From: Asmus Freytag (
Date: Tue Feb 04 2003 - 05:46:00 EST

  • Next message: James H. Cloos Jr.: "Re: Public Review Issues update"

    At 10:49 PM 2/3/03 -0800, Doug Ewell wrote:
    > > Can you please explain what is the best practice to handle unassigned
    > > code points so that applications can easily become forward compatible?
    > > If we just ignore unassigned code points, then will it make for
    > > application easier to migrate to later version of Unicode?

    In many circumstances, the best approach for unassigned character
    codes is to treat them like the characters around them.

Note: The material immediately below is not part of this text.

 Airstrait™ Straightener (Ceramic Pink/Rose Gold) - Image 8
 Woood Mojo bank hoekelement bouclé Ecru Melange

    An implementation might chose to interpolate the property values
    of assigned characters bordering a range of unassigned characters,
    using the following rules:

    * Look at the nearest assigned characters in both directions.
    If they are in the same block, and have the same property value,
    then use that value.
    * From any block boundary, extending to the nearest assigned
    character inside the block, use the property value of that character.
    * For all code points entirely in empty or unassigned blocks use the
    default property value for that property as given in the Unicode Character

    There are two important benefits of using that approach in implementations.
    Property values become much more contiguous, allowing better compaction of
    property tables. Furthermore, because similar characters are often
    encoded in proximity, chances are good that the interpolated values
    will match the actual property values when characters are assigned
    to a given code point later.

    Of course, many important properties may well not be predictable, but on
    the whole, the approach has proven successful.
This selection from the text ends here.